Hi, my name is Patrick Edwards, and I’m currently a CS major at Kent State University. I have always been interested in doing work with compilers and LLVM seems to be a perfect fit for me to learn more over the summer, and also contribute to open-source projects at the same time. However, while browsing through the project ideas, the only ideas I found accessible were the code reduction and compile with/benchmark the LLVM compiler. I would really love to help LLVM, as I have used C++ in quite a few of my classes and side programs, not to mention learning other oddball languages as I wanted.
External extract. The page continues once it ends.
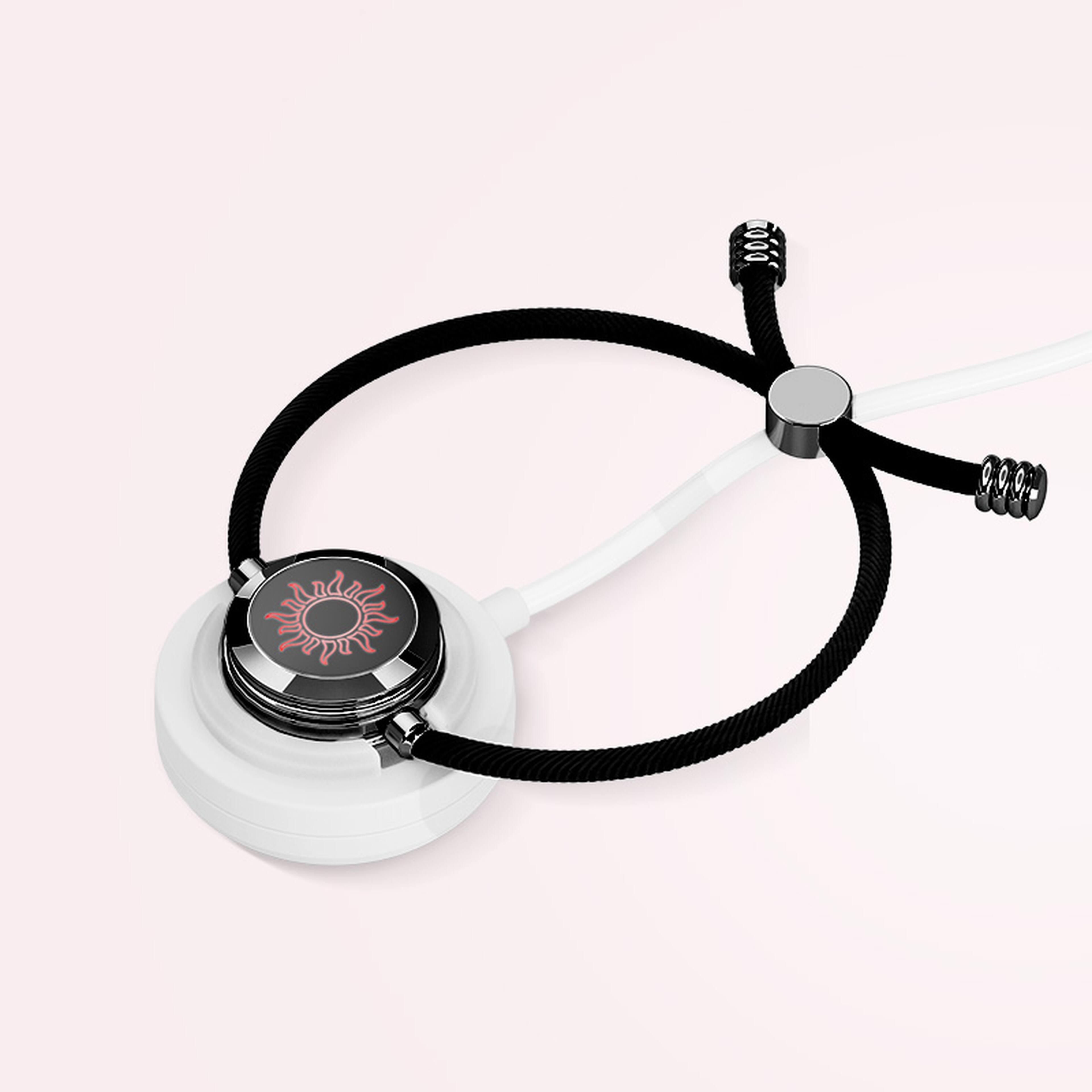 Alt View 6. Totwoo - Totwoo Moon & Moon Milan Rope Long Distance Touch Bracelets, 2-Pc - Black.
If possible, could someone please point me in the right direction to contribute to LLVM in the best way I can?

Thank you in advance,
Patrick Edwards, potential GSoC applicant

Hi Patrick,

besides the open project pages of the LLVM itself [1], there are also the ideas list of the subprojects:

- The clang open projects list [2]
- The SAFECode open projects list [3]
- The Polly todo list [4]

As you already realized, not all of them are suiteable for summer of code, but some of them definitely are.

A topic I personally would think might be an interesting summer of code project is a clang based gnu 'indent' replacement. Here the idea from the clang open projects page:

"Use clang libraries to implement better versions of existing tools: Clang is built as a set of libraries, which means that it is possible to implement capabilities similar to other source language tools, improving them in various ways. Three examples are distcc, the delta testcase reduction tool, and the "indent" source reformatting tool. distcc can be improved to scale better and be more efficient. Delta could be faster and more efficient at reducing C-family programs if built on the clang preprocessor, indent could do proper formatting for complex C++ features, and it would be straight-forward to extend a clang-based implementation to handle simple structural rules like those in the LLVM coding standards."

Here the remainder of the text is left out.